== Records provided
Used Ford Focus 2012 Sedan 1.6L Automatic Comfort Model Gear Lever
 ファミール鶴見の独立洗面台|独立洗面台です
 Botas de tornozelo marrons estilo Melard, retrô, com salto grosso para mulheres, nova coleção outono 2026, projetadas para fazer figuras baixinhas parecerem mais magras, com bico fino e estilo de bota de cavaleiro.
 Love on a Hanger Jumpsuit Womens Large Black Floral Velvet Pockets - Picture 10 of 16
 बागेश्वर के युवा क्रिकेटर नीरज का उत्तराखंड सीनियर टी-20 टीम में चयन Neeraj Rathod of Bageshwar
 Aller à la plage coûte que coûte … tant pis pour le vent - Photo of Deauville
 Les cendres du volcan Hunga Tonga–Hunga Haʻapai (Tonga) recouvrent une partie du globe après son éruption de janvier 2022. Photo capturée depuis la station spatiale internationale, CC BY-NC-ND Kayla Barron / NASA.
====
Activity:
Filter the records for lines containing the word "Photo" and copy each one.

Output of the task:
 Aller à la plage coûte que coûte … tant pis pour le vent - Photo of Deauville
 Les cendres du volcan Hunga Tonga–Hunga Haʻapai (Tonga) recouvrent une partie du globe après son éruption de janvier 2022. Photo capturée depuis la station spatiale internationale, CC BY-NC-ND Kayla Barron / NASA.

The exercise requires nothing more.